Sandy Hook Promise appears to have ties to the world of finance as well.
Although the SHP board has seen some departures over the past two
years, the previous chairperson of its Board of Directors, Kristin
Lemkau, is Chief Marketing Officer of major global investment bank
JPMorgan Chase.
And perhaps unsurprisingly Sandy Hook Promise is also linked to corporate news media. The organization’s former vice chair was Rob Cox, a founder and global editor of Reuters BreakingViews.
According to a profile of Cox published by his alma mater, The University of Vermont,
Within twenty-four hours of the massacre of twenty-six children at Sandy Hook Elementary School, Cox and a circle of friends were working to found what would become Sandy Hook Promise, an organization dedicated to healing their own community and doing all it can to make sure others do not suffer the same fate.
James Belden was a Sandy Hook corporate officer through 2017. In
addition to serving as a Newtown Commissioner, he likewise brought
marketing experience to Sandy Hook Promise.
Before funerals were even held for the deceased children or the results
of a satisfactory crime scene investigation were close to completion
Commissioner Belden was before television cameras promoting “Newtown
United,” another non-profit, while stressing “the underlying issues that
caused this horrible incident–not just gun control but mental health
and awareness.”
At present one of its prominent board members is Bradley Miles,
who also heads up the Polaris Project, “a global leader in the fight to
eradicate human trafficking and to restore freedom to survivors,”
according to one description of the charity industry celeb. “Under
Myles’ leadership, Polaris has worked to strengthen the U.S. national
movement against human trafficking through policy advocacy in all 50
states and through a wide range of training and capacity-building
programs.”
The millions solicited by Sandy Hook Promise thus far is merely a
fraction of an estimated $130 million in federal funding and private
donations brought in by Sandy Hook related charities.
“The latest edition of the video We Need To Talk about Sandy Hook lists
a total of $131,009,229 in grants and donations, including the $50
million for the new school,” academic researcher Vivian Lee notes,
but this is only a partial accounting.
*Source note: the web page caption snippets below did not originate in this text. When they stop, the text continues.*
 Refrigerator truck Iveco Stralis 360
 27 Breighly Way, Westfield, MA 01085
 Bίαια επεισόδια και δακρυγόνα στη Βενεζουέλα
Indeed, the total amount of money raised to date cannot easily be calculated. A 2014 Connecticut report on charitable donations lists organizations such as The Animal Center, Inc., Newtown Forest Association, Inc., Sandy Hook Arts Center for Kids, and Angels of Sandy Hook Bracelets, all raising funds in the name of Sandy Hook Elementary.
In addition, individuals involved in the Sandy Hook event, including
those heading up SHP, have forged lucrative careers in their nonprofit
sector, as evidenced by recent federal tax information.
Sandy Hook Promise Directors’ Six Figure Salaries
Sandy Hook Promise’s 2016 federal tax return reveals
several or the organization’s board members bestowing themselves with
substantial compensation packages for proffering the trademarked
“violence prevention programs” to local school districts.
For example, in 2016 between SHP and “related organizations” Nicole
Hockley earned an annual salary of $132,951, the lion’s share of which
($121,318) came from SHP’s coffers and the remainder consisting of
“other compensation” from “other organizations.” Marketing maven Tim
Makris pulled in a whopping $203,925, ninety percent ($179,711) came
from SHP which he plays a central role in overseeing.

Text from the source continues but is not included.